The cat I fed slinks between my legs as I exit the marina.
"Lo lamento," I tell it. Whether its for nearly stepping on his tail or my lack of snacks, I'm not sure. I double back to where I saw her but the shops and stands appear closed. Only opened on the weekends, it seems.
It must have been deja-vu. I strain my memory; the girl in the airport had red hair. I'm almost sure of it.
The henna artist had dark hair. I'm less sure of it.
I find a neighborhood of narrow, brick streets lined with pastel stucco buildings. The shops are open here, packed tight with narrow aisles. Vintage clothes. A second hand book store. A bar packed with soccer fans gathered around an early plasma flatscreen television with the brightness cranked all the way up. I thumb through LPs at the vintage record shop that shares a wall with the bar. The hefty fellow working both the register, the record player, and the bar next door gives me the slick-guy finger gun.
I return fire.
"Te gusta el reggeaton?" He asks.
I shrug. I think he mentioned reggaeton. Maybe he loves reggaeton.
"No, mΓrate. Abandonado y perdido en el tiempo. Solo tengo el registro para ti, amigo" he says.
I'm out of my depth, Spanish wise.
He switches a record as soccer fans next-door drum their hands on the bartop. He dashes back to serve them.
The saloon doors dividing the bar from the record shop swing longer than I'd expect. They knock like a metronome.
I'm alone in the record store. Old JBL speakers hiss with the dead air. I reach over the counter to check the needle as I hear the first chirp of organ.
"You Showed Me," by The Turtles starts playing. The tune makes me feel what I describe as "erotic paranoia." Its not the sort of thing I'd play, so its always a surprise to hear though I like being reminded it exists. Lilting background vocals shift pitch with the ease of someone sinking in an old leather couch.
I could never decide if the words were about sex or drugs, but as my eyes trace cracks up the plaster wall to a ceiling fan that couldn't spin any slower and still be spinning, I realize its about sex as a drug, reveling in crossed lines, two people realizing themselves with the body of another.
The song ends. The speakers crackle.
I reach over the counter to reset the record player. The needle's cartridge balances on the pad of my index finger, ready to drop. I watch the old record wobble as it turns.
A bell above the door of a bookstore opposite this record shop jingles. Its metallic ping taps me on the shoulder. I look up and catch the last stride of a young woman walking away, an eggshell canvas book bag airbrushed with "San Paw'n Cat Shelter" swings by her knees.

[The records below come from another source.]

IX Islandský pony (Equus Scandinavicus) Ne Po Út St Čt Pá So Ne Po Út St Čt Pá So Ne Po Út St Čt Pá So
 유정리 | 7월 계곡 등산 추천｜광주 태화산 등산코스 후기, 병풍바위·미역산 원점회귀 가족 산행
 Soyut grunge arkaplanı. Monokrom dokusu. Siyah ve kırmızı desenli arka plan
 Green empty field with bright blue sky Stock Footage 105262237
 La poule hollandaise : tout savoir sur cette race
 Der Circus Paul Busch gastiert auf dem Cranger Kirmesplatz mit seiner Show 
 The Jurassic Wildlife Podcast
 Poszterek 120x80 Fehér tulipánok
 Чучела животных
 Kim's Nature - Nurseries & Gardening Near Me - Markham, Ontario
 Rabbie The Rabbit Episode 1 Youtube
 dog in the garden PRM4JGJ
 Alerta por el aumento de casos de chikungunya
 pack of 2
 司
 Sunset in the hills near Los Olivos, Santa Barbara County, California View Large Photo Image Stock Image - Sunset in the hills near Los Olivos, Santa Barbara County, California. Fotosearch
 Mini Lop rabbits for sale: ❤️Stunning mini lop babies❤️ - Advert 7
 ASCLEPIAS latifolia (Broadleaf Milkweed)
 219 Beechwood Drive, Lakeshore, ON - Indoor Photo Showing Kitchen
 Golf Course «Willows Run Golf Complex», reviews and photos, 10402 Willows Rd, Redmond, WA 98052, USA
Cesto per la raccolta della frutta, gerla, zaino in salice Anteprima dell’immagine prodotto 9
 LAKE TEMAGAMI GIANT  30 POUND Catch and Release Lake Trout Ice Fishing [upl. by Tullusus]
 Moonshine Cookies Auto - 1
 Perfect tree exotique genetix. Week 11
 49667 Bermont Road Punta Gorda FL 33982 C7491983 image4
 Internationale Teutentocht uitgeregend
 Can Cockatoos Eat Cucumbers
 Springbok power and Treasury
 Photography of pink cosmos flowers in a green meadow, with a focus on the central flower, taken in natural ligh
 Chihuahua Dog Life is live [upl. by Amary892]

I don't remember dropping the needle, but the song is playing, the erotic paranoia seeping back through the cracked plaster.
I try for a better look to see where she went, leaning over a window display of the shop's most valuable collection with my hands on the glass. The music stops with a scratch.
The shopkeep turned bartender must be back. I don't look to see what he's playing next. Probably reggaeton again after trying to sell me The Turtles' record.
I'm too focused watching the girl with the canvas book bag turn the corner out of sight.
Her bare shoulders.
It can't be her: the woman from the airport, from the henna stand, from my dreams. I'm just losing my mind, is all. Those were her shoulders, though. Those were her shoulders?
"All I Have to Do is Dream," by the Everly Brothers starts playing. The saloon doors hang perfectly still. A tabby cat sits jumps up and stretches out across the counter. It looks like the cat I fed, but all tabbies look the same. Women, not so much.
The girl with the book bag had dirty blonde hair, I tell myself. The girl in the airport had red hair. The henna stand girl, it was dark, I think.